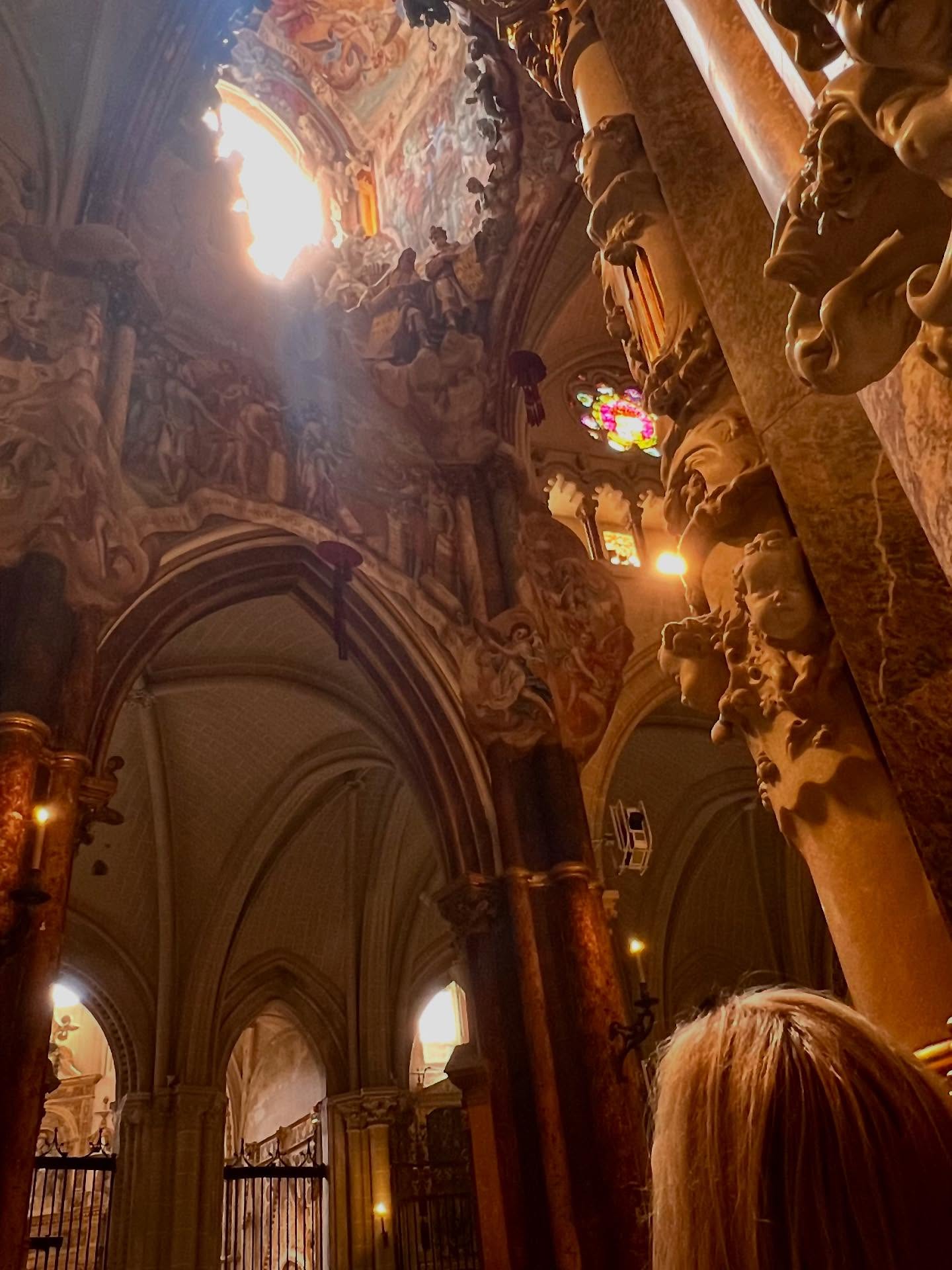 Spain will always remain special to me after the most phenomenal experience of light codes, Holy Spirit and sacred recalibration. As the sun was shining down through the ceiling of the Toledo Cathedral I closed my eyes in that one perfect spot and my whole body was activated as I saw spirals of DNA 🧬 pouring into my crown. Light and great peace with a giant heart opening continued. I could have stood there, eyes closed, suspended in that vortex for a very long time.
This area within the cathedral is called Transparente, a Baroque skylight and altarpiece behind the main altar, is considered one of the greatest masterpieces of Spanish Baroque. It uses natural light dramatically and is often described as a “heavenly explosion of stone and light”
#toledospain #toledocathedral #magicmoment #dnaactivation #lightcodeactivations #spain #perspectives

+---+

WHAT TO DO: Copy the whole listing above word for word but do not carry over the pictures.

TASK RESULT:
 Spain will always remain special to me after the most phenomenal experience of light codes, Holy Spirit and sacred recalibration. As the sun was shining down through the ceiling of the Toledo Cathedral I closed my eyes in that one perfect spot and my whole body was activated as I saw spirals of DNA 🧬 pouring into my crown. Light and great peace with a giant heart opening continued. I could have stood there, eyes closed, suspended in that vortex for a very long time.
This area within the cathedral is called Transparente, a Baroque skylight and altarpiece behind the main altar, is considered one of the greatest masterpieces of Spanish Baroque. It uses natural light dramatically and is often described as a “heavenly explosion of stone and light”
#toledospain #toledocathedral #magicmoment #dnaactivation #lightcodeactivations #spain #perspectives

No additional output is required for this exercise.